→ About this task:
Nothing but the lines below from the one with "Garvee Ride - G" through the one with "CAVADORE Tabouret de" should be output, each exactly as given, and no pictures.

→ Exercise material:
● ● ● ● ● ● ●

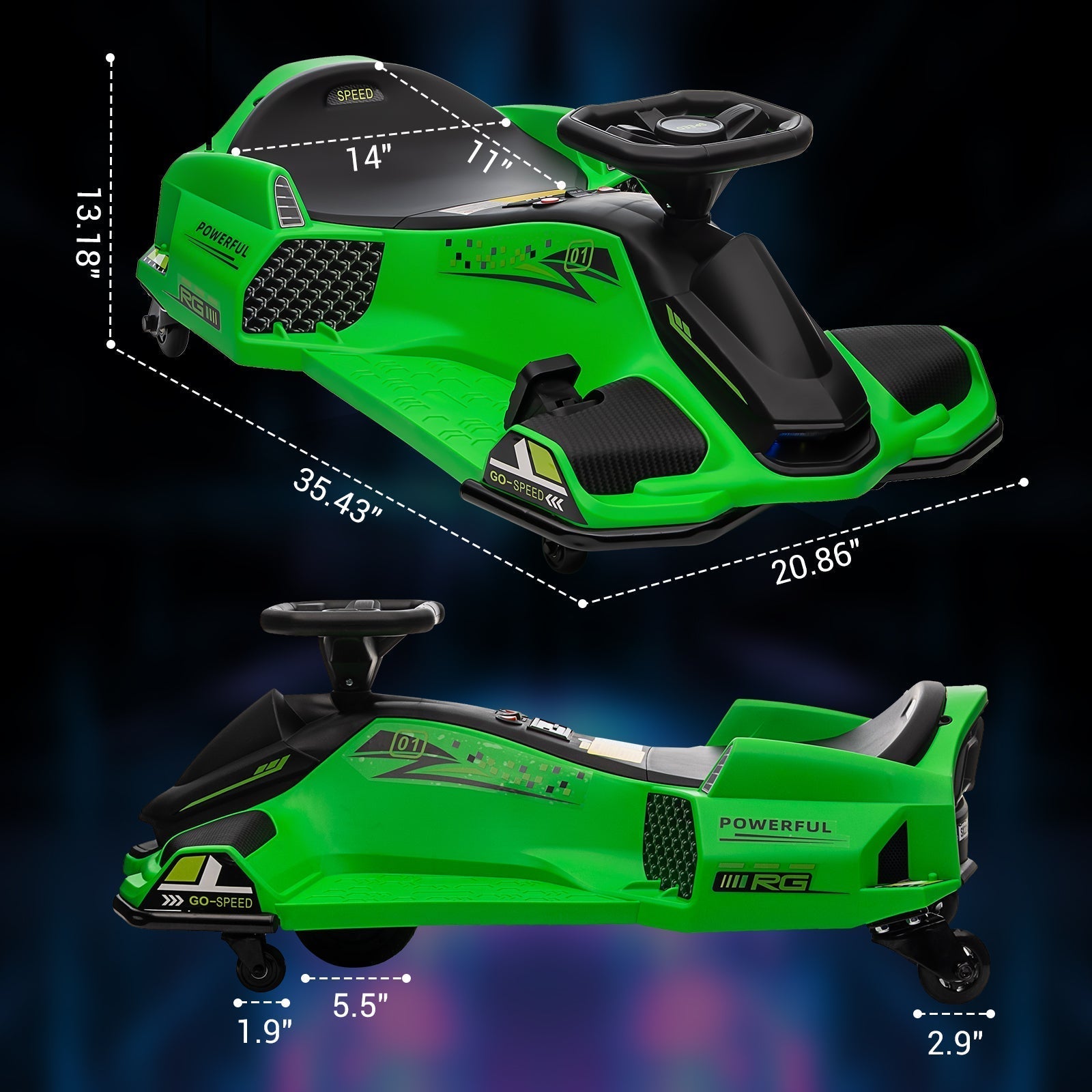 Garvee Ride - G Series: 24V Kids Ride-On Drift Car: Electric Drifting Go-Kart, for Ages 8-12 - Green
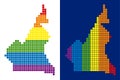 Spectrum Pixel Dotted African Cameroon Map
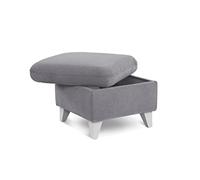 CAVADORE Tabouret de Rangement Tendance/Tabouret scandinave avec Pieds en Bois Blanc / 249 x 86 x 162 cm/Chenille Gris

● ● ● ● ● ● ●

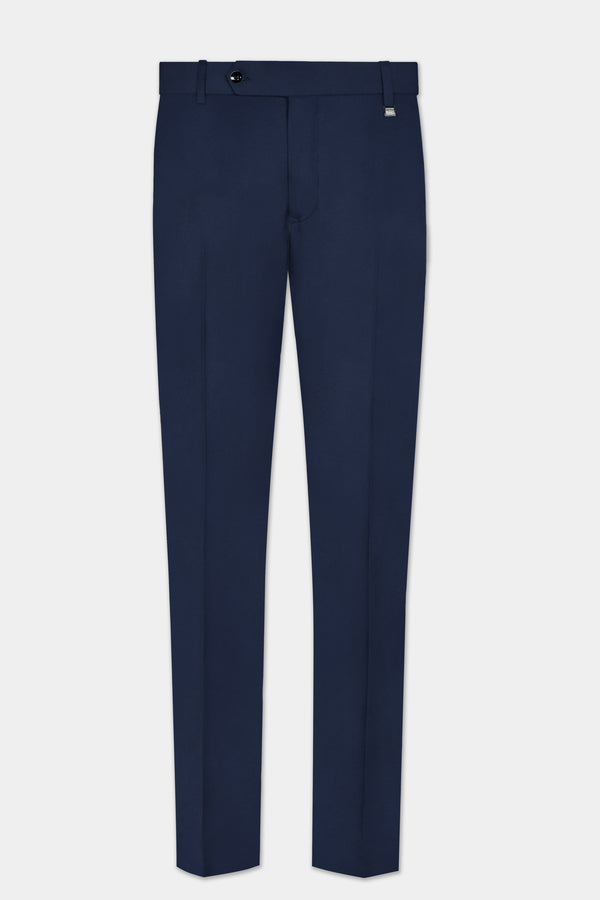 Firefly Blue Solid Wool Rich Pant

● ● ● ● ● ● ●

→ Response area:
 Garvee Ride - G Series: 24V Kids Ride-On Drift Car: Electric Drifting Go-Kart, for Ages 8-12 - Green
 Spectrum Pixel Dotted African Cameroon Map
 CAVADORE Tabouret de Rangement Tendance/Tabouret scandinave avec Pieds en Bois Blanc / 249 x 86 x 162 cm/Chenille Gris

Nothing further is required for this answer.